Thanks for the reality check merkin. When it comes to clarity, demand exceeds the supply – copious opining notwithstanding.
Prof: Yet, Krugman and others say Bernanke (as well as spenders in Washington) aren’t doing enough, that insufficient idiocy is the real problem.
At least we haven’t (yet?) reached the point where inflation once more is an established part of American life. As for over-spending by Washington, we’re running into limits with spending and even with debt already, perhaps. (Debt trap will happen without reform.)
“Yesterday there was a tentative agreement among Speaker Boehner, Senate Majority Leader Reid, and Senate Minority Leader McConnell on the outline of a bill to increase the debt limit and cut spending.
This tentative agreement would increase the debt limit by about $900 B to $1 T, enough to make it into the first quarter of next year, packaged with a bit more than $1 trillion of spending cuts, discretionary caps, and no tax increases. There would be a second debt limit extension next year that would go into 2013, upon action of a joint committee of Congress that would make recommendations for further deficit reduction.”

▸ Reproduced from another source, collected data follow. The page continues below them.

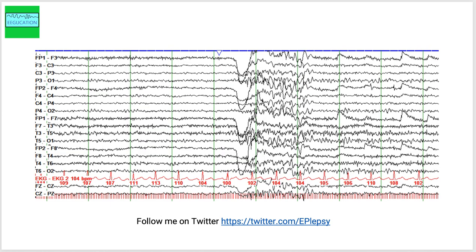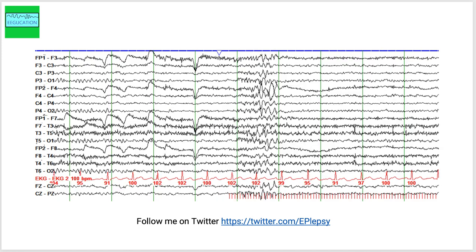This is another page from the same patient and you see the photoparoxysmal response. I will give you some better examples with higher amplitude spike and wave just after a few slides here. These are all examples of, as soon as you start the stimulation, you see the change on the EEG right here.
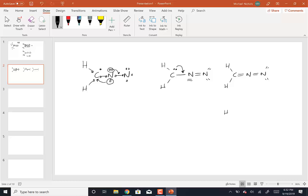To form the second resonance structure, I would take this pair of electrons and donate it here. But if I do that, I've got to donate this pair of electrons out to the carbon, to keep the center nitrogen from having 10 shared electrons. So that nitrogen is going to get that lone pair, and the nitrogen here is going to have a triple bond to that nitrogen. With those two resonance structures, write the formal charges, decide which one is more stable than the other, and then write the resonance hybrid.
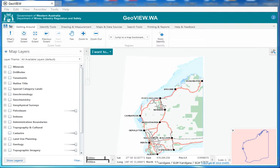G'day, Golden Sandgrop here. Today with GeoView we're going to go through how to zoom in, identify things and find some more information.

http://keithhennessey.com/2011/07/25/president-obama-says-no-to-a-bipartisan-debt-limit-plan/
So, apparently there does exist bipartisan, bicameral support for a debt increase deal.
However, there is also apparently the campaign priority for Obama to not have to deal with this subject again prior to the 2012 campaign…….”The only bottom line that I have is that we have to extend this debt ceiling through the next election, into 2013.”
Most debt increase deals have historically been for less than one year at a time…..but apparently not this time.
C.O. has noted a key item. In addition to the Congressional Dems being as bad or worse than those notorious House “Rethuglicans,” Obama has a) been derelict in not presenting his own concept and plan for a budget; and b) insisting that any debt increase carry him beyond November, 2012.
(There may be any number of reasons why he wants to continue to increase misspending, but his most recent demand for increased spending no doubt would also carry him beyond November, 2012.)
Well, we can’t know the amount of idiocy that will be tried, but they certainly aren’t happy with the pace of it.
I mean, it was less than a trillion when we were facing (don’t let impressionable children read this) the really, unfathomably, unbelievably terrifying possibility of [scary musical stinger, echo voice] core deflation [end echo] (while everything was merely getting more expensive to buy). That’s barely into the thousands per taxpayer, much less anything substantial.
But QE3, which was definitely not a possibility during QE2, has been hinted at. Also, some other money was spent for the same purpose, as a sort of QE2(b).
So the question of whether the Fed will support the government with more monetizing, or hold back for fear of eventual hyperinflation, is still up in the air.
Did you read about Ron Paul’s suggestion that the Fed simply forgive that 600B in debt, in order to extend the effective debt ceiling deadline?